After the devastating 2008 financial crisis, Congress passed the Dodd-Frank Act that led to creation of the Consumer Financial Protection Bureau (CFPB). The Bureau has had a significant impact protecting consumers and holding big banks accountable. The CFPB recently fined Wells Fargo $100 million for the illegal practice of secretly opening unauthorized customer accounts. Since the Bureau’s inception, it returned nearly $12 billion to consumers who were cheated or misled by payday lenders, pawn shops and other financial predators. It has taken particular aim at companies that target service members and veterans. 

Not surprisingly, Wall Street is not happy. “For years, the big banks and their allies have launched one shameless attack after another trying to gut the CFPB,” said Sen. Elizabeth Warren (D-MA) who helped create the agency.

Proposed legislation to significantly weaken the CFPB is now pending in both houses of Congress. Also, Steven Mnuchin, Treasury Secretary nominee, is in favor of destroying at least certain aspects of the Dodd-Frank Act, which could eliminate the agency itself, according to the Washington Post.

Payday Lenders on the Run

With proposed rules to curb the abuses of payday lending under attack in Washington, many states and localities are stepping up. In the 2016 legislative session, 25 states addressed legislation regarding payday lending, according to the National Council on State Legislatures. Four of those states – Florida, Louisiana, Michigan and Utah – enacted legislation. On Election Day, 75 percent of South Dakota voters approved a ballot measure to cap payday, car title and installment lending rates at 36 percent annually. The average rate in the state was 574 percent.

The most expensive payday loans in the country are in Ohio, according to a new report by the Pew Charitable Trusts. The typical annual percentage rate (APR) is 591 percent. One in ten Ohioans have used a payday loan, which is nearly twice the national average. Both Republican and Democratic lawmakers in Ohio are planning to renew efforts to curb the abuses in 2017.
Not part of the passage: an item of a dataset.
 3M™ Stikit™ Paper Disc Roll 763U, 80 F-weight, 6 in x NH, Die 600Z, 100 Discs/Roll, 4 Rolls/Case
Wells Fargo Leads in Overdraft Fees

Wells Fargo is in the news again. The bank leads the industry in overdraft fee revenue. Across the entire banking industry, third quarter 2016 revenue generated by overdraft fees was up by 2.4 percent. At Wells Fargo, overdraft revenue was up 7.5 percent from a year earlier. The CFPB is scheduled to issue rules on overdraft charges in 2017.

Postal Banking: A Win-Win

“The financial industry’s attempt to gut an agency that exists to protect consumers, as well as the recent scandals at Wells Fargo, shows the need for real financial reform and an alternative to the big banks and, of course, postal banking,” said President Dimondstein.

Consumers want, need and deserve access to fair, non-profit and affordable financial services. With more than 30,000 locations across the country, a mission to serve the public and accountability to the people of the United States – rather than shareholders – the U.S. Postal Service can do the job.